Fourth-generation butcher Victor Puharich and son Anthony – who also took up the trade – originally opened Victor Churchill in Sydney in 2009 to critical acclaim. It won an international interior design award for best retail, and the late Anthony Bourdain once called it “the most beautiful butcher shop in the world”.
The pair spent decades building relationships with Australia’s best meat producers and supplying their goods to top restaurants – including Lake House Daylesford, Anchovy, Bistro Gitan, Lee Ho Fook and Maha in Victoria – under the wholesaler banner of Vic’s Premium Quality Meat. At its Melbourne retail shop and bar, you can access this high-quality meat directly.
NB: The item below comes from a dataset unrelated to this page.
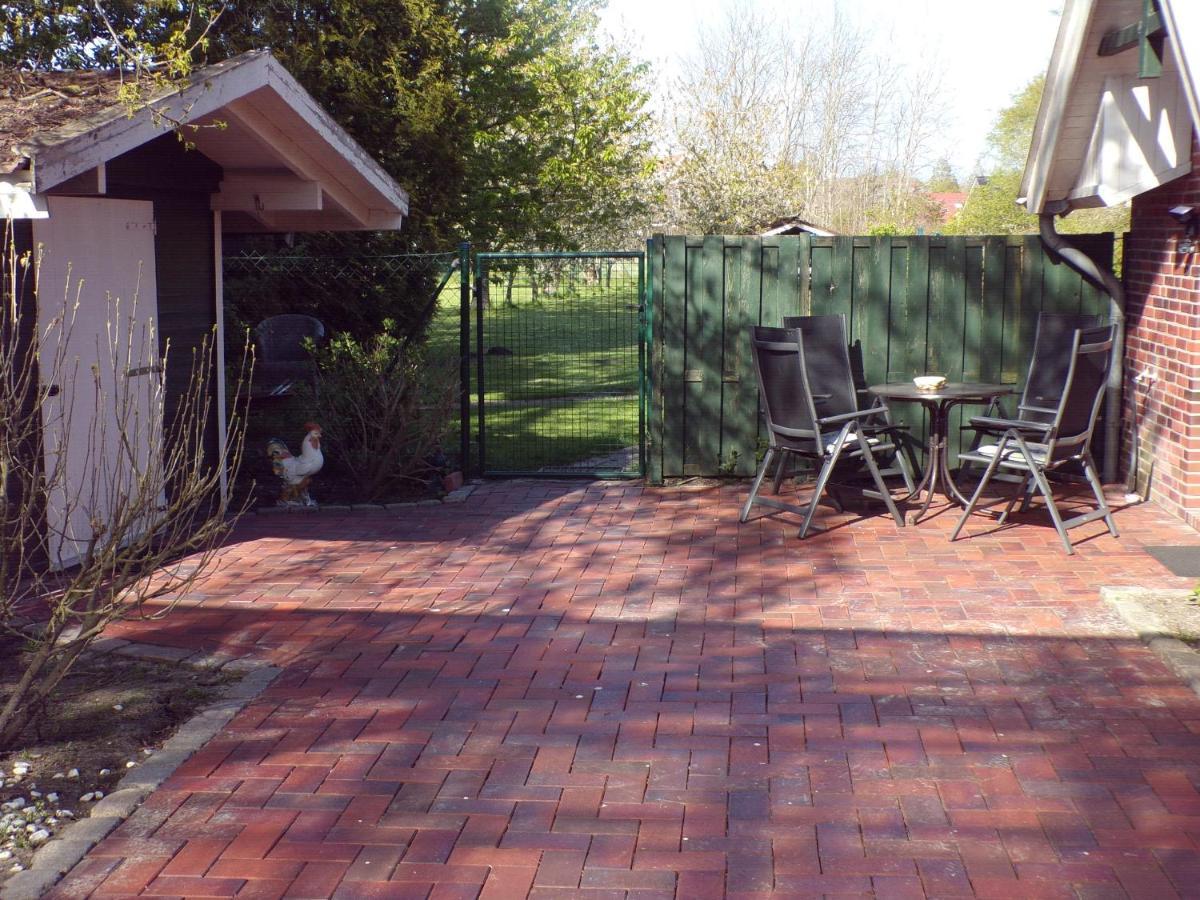 Ferienwohnung Aurich Sandhorst Eg Mit Terrasse Und Kleinem Garten المظهر الخارجي الصورة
Moving through the green curtain, you’re greeted by three metres of curved glass, behind which butchers put on a show chopping different cuts of beef, chicken, pork and lamb on wooden blocks.
Deeper in the shop is the prized meats, sourced from producers across Australia and a select few from overseas. Locally there might be Cobungra Station full-blood Wagyu from Mount Hotham, O’Connor Black Angus from Gippsland and free-range poultry from Milawa.
Deeper still is the charcuterie counter, where cured meats are sliced to order using restored vintage Berkel slicers from the 1930s. It’s mostly stocked with local smallgoods from family businesses such as De Palma Salumi.
Behind it stands the jewel of Victor Churchill’s crown: the dry-aging room, where 500 kilograms of rib-eyes, T-bones, sirloins and rumps hang from the ceiling in a temperature-controlled cabinet.
And at the shop’s very back sits a tiny wine bar. Twelve seats are arranged around a horseshoe-shaped bar, which serves around 100 bottles, a tight list of cocktails and dishes of the meaty variety.
It’s classic European fare, which might include duck-confit croquettes, house-made chicken-liver parfait with foie gras and black truffle, steak tartare with gaufrette crisps, lamb-cutlet tomahawk with chimichurri, Rangers Valley sirloin, and Kurobuta bone-in pork chops.
The chefs cook everything over either wood or charcoal, and serve the exact same meat and produce as you’ll find on the shelves. Some notable exceptions might be oysters to start and fresh lobsters from the built-in tank (blink and you’ll miss it).
The Loopcreative-designed space is blanketed in dark-green Verde marble floors (echoing meat’s fatty marbling), baroque copper arches (a nod to the family’s Croatian heritage) and rich timbers. There are playful touches, too, like brass sausages in place of plain drawer and cabinet handles.